In my garden, a lettuce poppy opened the week Tasha Tudor passed away. The buds unfolded into a fluffy mop, the same color as the Pink Luster china from which Tasha sipped tea. She had given me the poppy seeds from her garden several years ago and recommended "shaking them about like pepper." Such a comment was characteristic of Tasha, an artist who sculpted her own world.

I discovered her illustrations as a young reader. At our Carnegie library, I dragged over a tiny chair, stepped up, and pulled one picture book after another off the top shelves, slowly working my way through the stacks. I searched for those simple, delicate watercolors of barefoot girls in long dresses toasting apples by a fire or riding home on a loaded hay wagon. And at Christmas, I sifted through the cards that arrived, hoping to find one with a Tasha Tudor drawing depicting children from a bygone era arranging a crèche, or mice and rabbits gazing at a decorated pine tree.

As my reading skills improved, I was thrilled to find that she had also illustrated chapter books. Repeatedly, I checked out "A Little Princess" and "The Secret Garden." I longed to step into those watercolors and share tea with Sara, or help Mary and Dickon transplant roses. When a best friend received a signed copy of "A Little Princess," I realized that illustrators were real people who gave book tours and talked to audiences.

I vowed that one day I would meet the woman whose paintings not only told stories but also drew the readers into scenes of simple pleasures such as decorating valentines or spying a flotilla of candles escorting a birthday cake down a river. And who was this person whose imagination created that romantic world?

Finally, years later on a dreary November afternoon, I met Tasha at a book signing, and because I had helped prepare for the event, I was invited to a special tea for the volunteers. Tasha and I chatted, comparing details about our farms and our love of spinning, gardening, and reading. Impetuously, she took my hands.

"You must come visit me in Vermont," she said. "We must become friends."

"Thank you," I said, feeling as if I were Cinderella, holding hands with a fairy godmother. All winter, I dreamed of the upcoming visit.

Six months later, one early June afternoon, my husband, John, and I rumbled up Tasha's half-mile driveway, passing birch and hemlock trees. We turned a curve and spied a meadow filled with daisies and lupines that flanked a barn attached to a cottage. Several corgis and an Irish wolfhound greeted us. Goats bawled in the barn. We stepped into Tasha's peaceable kingdom and at last could witness the artist in the midst of her creation.
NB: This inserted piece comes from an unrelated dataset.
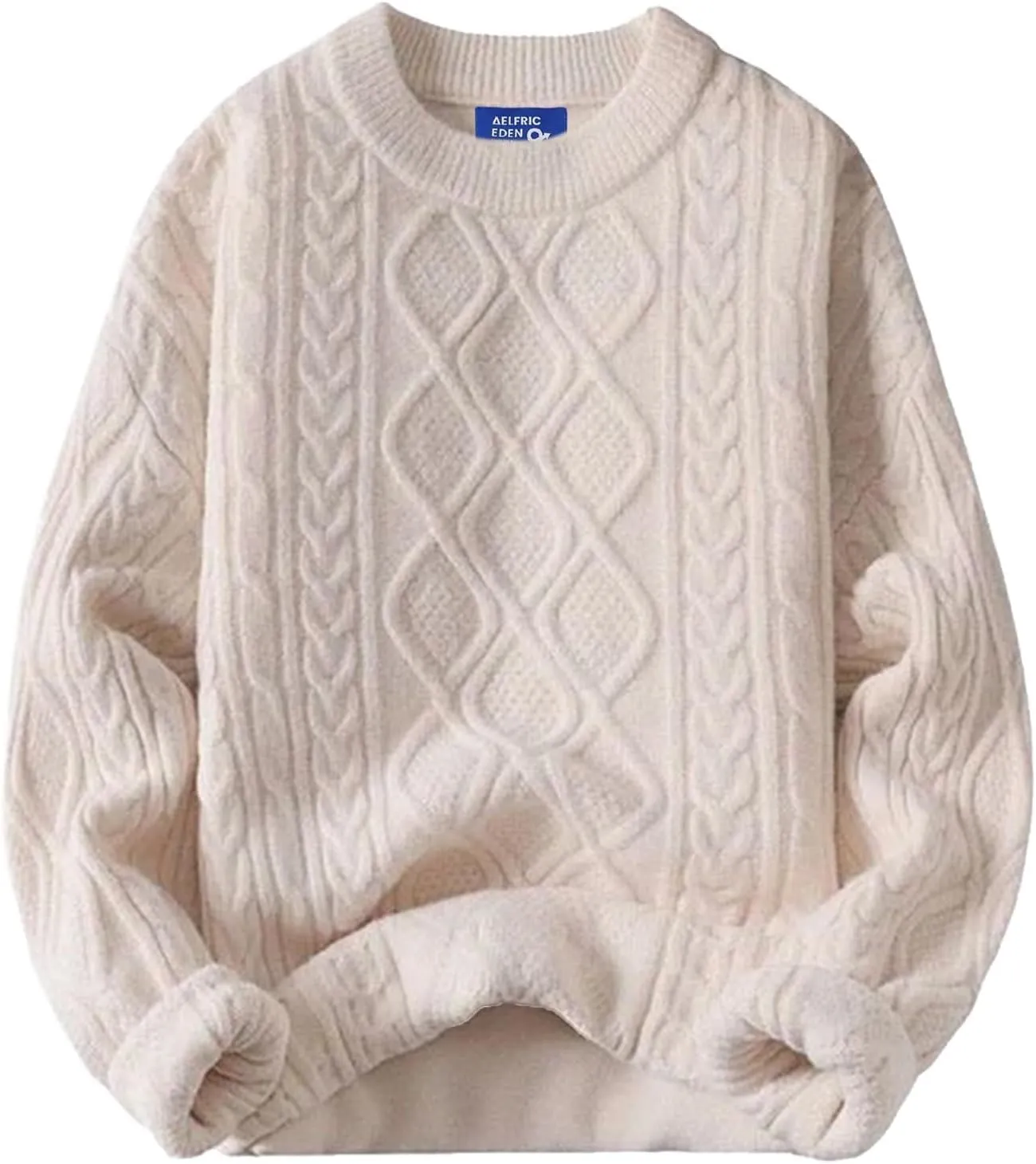Aelfric Eden Oversized Sweater 90s Vintage Cable Knit Long Sleeve Women Woven Heavy Crewneck Pullover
After we carried our suitcases up a narrow stairway, skirted a table piled with Tasha's sketchbooks, and deposited our belongings on a canopy bed, we asked how we could help. Tasha sent us out to plant potatoes.

"I'm late getting these in," she said and handed us a woven basket with slices of seed potatoes. "Beyond the peonies and iris, you'll see the vegetable patch. Plant these there."

We dug and planted while gazing at the profusion of flower beds where yellow iris shimmered above blue forget-me-nots, and bleeding hearts cascaded over brick paths. Just like her illustrations, Tasha's gardens displayed contrasting textures and colors. Yet in addition to the vast gardens, the barn and outbuildings showed that the heart of a farmer mingled with the artist's antique tea sets and numerous bird cages scattered about Corgi Cottage. I marveled at the determination and labor that Tasha dedicated to creating and maintaining her cosmos.

On our repeated stays at Tasha's home and during hearthside discussions with us, Tasha continued to share her unique combination of graciousness and grit and revealed that her most remarkable creation was her life. Her illustrations grew from what she experienced, both the celebrations and also the manual tasks of splitting wood or building a chicken coop. Tasha had toiled to create that beautiful, pastoral world.

From her wisdom, I gleaned the courage to shape my life, and Tasha's encouragement prompted me to write for children. At the end of one visit, she sent me home with the packet of poppy seeds whose offspring still flourish in my garden, and from which I have gathered numerous envelopes of seeds for friends.

Now, no longer will I be able to stand in Tasha's kitchen listening to her parrots or admiring the camellias floating in an antique bowl. But I'll continue to give her books as presents and will share seeds from her poppies, hoping to pass on her inspiration to others who long to create a world of their own.